■ **DATA UNDER STUDY**
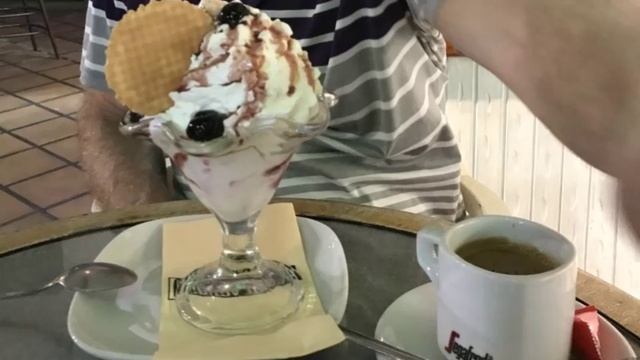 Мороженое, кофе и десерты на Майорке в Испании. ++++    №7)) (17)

* * *

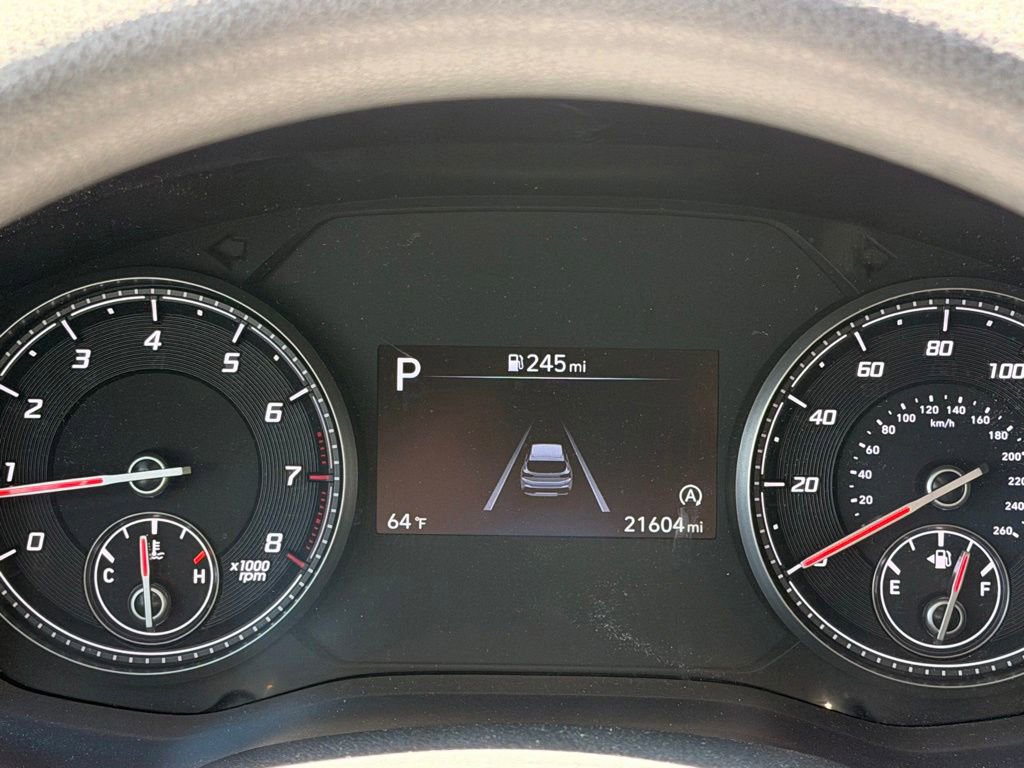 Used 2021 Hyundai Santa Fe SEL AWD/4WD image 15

==

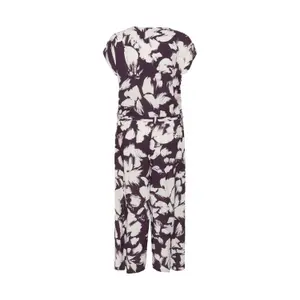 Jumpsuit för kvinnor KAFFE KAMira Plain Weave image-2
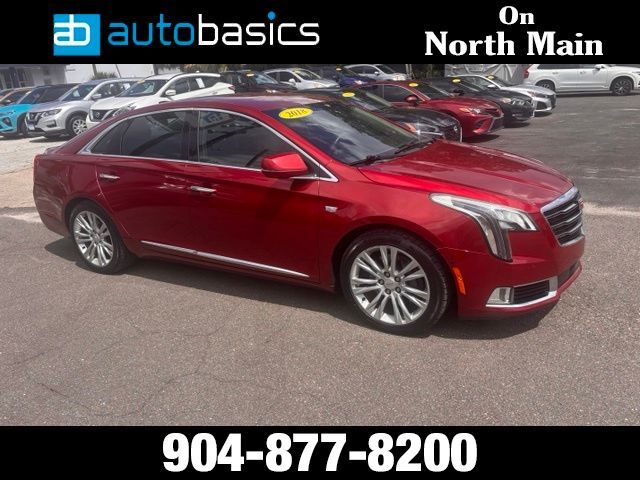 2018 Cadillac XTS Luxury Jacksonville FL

■ **GOAL OF THE EXERCISE**
Take the entries above and copy exactly the lines starting at the one with "Jumpsuit för kvinnor" and ending at the one with "2018 Cadillac XTS Luxury Jacksonville FL"; nothing outside that span, and no pictures.

■ **REPLY**
 Jumpsuit för kvinnor KAFFE KAMira Plain Weave image-2
 2018 Cadillac XTS Luxury Jacksonville FL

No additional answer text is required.